While LRA activities largely throw light on child abductions, young women are also at risk – being lured to the United Arab Emirates, where they end up as sex slaves. Con men also come disguised as pastors and convince gullible audiences of how they can send their children to “paradise”.
In an effort to curb the menace, the Child Protection Unit of the Ugandan police, which is headquartered in the capital city, has trained 210 officers with ILO-IPEC (International Labour Organization’s International Programme on Elimination of Child Labour) assistance and is sensitising communities. (The ILO’s International Programme on the Elimination of Child Labour (IPEC) was created in 1992 with the goal of the progressive elimination of child labour, which was to be achieved through strengthening the capacity of countries to deal with the problem and promoting a worldwide movement to combat child labour. IPEC currently has operations in 88 countries and works with various government bodies and NGOs.) The unit also visits schools and has initiated radio programmes to raise awareness about human trafficking.
Checkpoints, on major roads leading to Kampala from north and east of the country, have been established to rescue women and children ferried out in vehicles.

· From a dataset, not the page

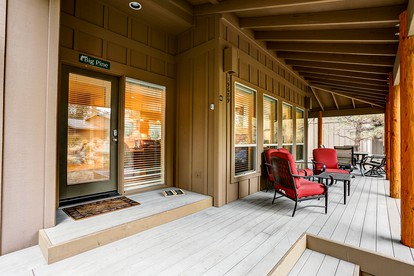 Stylish Luxury Cabin with Hot Tub near Deschutes River Trail on Resort in Bend, Oregon - Bend, Oregon - glamping.directory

Moses Okello, an academician at The Refugee Law Project, in partnership with the Faculty of Law, Makerere University, and the Human Rights Peace Centre (HURIPEC), believes country’s immigration system is wanting. “Most immigration officers are not skilled enough to understand or even detect how child trafficking rings operate,” he says, adding, “There is a local joke that it is difficult to pass illegal drugs through Ugandan immigration, but easy to pass humans.”